___ Recorded information ___
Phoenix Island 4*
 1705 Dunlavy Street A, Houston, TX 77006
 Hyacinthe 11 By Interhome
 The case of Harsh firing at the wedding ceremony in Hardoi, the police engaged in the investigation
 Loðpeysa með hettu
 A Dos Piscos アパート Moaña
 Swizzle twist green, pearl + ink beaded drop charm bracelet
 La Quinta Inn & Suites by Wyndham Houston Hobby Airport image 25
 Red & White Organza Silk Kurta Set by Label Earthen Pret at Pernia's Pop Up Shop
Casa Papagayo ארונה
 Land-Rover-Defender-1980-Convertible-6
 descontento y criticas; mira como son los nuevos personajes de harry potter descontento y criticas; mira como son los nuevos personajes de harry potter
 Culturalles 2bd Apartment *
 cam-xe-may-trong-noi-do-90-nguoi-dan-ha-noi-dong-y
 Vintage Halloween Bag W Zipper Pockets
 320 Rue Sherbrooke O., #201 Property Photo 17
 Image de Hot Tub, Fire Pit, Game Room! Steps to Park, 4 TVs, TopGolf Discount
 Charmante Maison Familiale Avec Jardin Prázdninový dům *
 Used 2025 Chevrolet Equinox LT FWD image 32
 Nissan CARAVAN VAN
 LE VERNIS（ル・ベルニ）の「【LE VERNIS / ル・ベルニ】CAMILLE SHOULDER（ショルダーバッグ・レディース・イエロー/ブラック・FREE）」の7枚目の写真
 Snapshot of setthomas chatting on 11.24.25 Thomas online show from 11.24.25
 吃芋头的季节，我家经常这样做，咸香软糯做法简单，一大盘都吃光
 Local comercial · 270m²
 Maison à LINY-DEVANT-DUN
___
Exercise requirements
Write out all the material exactly, keeping each word.

Exercise result
Phoenix Island 4*
 1705 Dunlavy Street A, Houston, TX 77006
 Hyacinthe 11 By Interhome
 The case of Harsh firing at the wedding ceremony in Hardoi, the police engaged in the investigation
 Loðpeysa með hettu
 A Dos Piscos アパート Moaña
 Swizzle twist green, pearl + ink beaded drop charm bracelet
 La Quinta Inn & Suites by Wyndham Houston Hobby Airport image 25
 Red & White Organza Silk Kurta Set by Label Earthen Pret at Pernia's Pop Up Shop
Casa Papagayo ארונה
 Land-Rover-Defender-1980-Convertible-6
 descontento y criticas; mira como son los nuevos personajes de harry potter descontento y criticas; mira como son los nuevos personajes de harry potter
 Culturalles 2bd Apartment *
 cam-xe-may-trong-noi-do-90-nguoi-dan-ha-noi-dong-y
 Vintage Halloween Bag W Zipper Pockets
 320 Rue Sherbrooke O., #201 Property Photo 17
 Image de Hot Tub, Fire Pit, Game Room! Steps to Park, 4 TVs, TopGolf Discount
 Charmante Maison Familiale Avec Jardin Prázdninový dům *
 Used 2025 Chevrolet Equinox LT FWD image 32
 Nissan CARAVAN VAN
 LE VERNIS（ル・ベルニ）の「【LE VERNIS / ル・ベルニ】CAMILLE SHOULDER（ショルダーバッグ・レディース・イエロー/ブラック・FREE）」の7枚目の写真
 Snapshot of setthomas chatting on 11.24.25 Thomas online show from 11.24.25
 吃芋头的季节，我家经常这样做，咸香软糯做法简单，一大盘都吃光
 Local comercial · 270m²
 Maison à LINY-DEVANT-DUN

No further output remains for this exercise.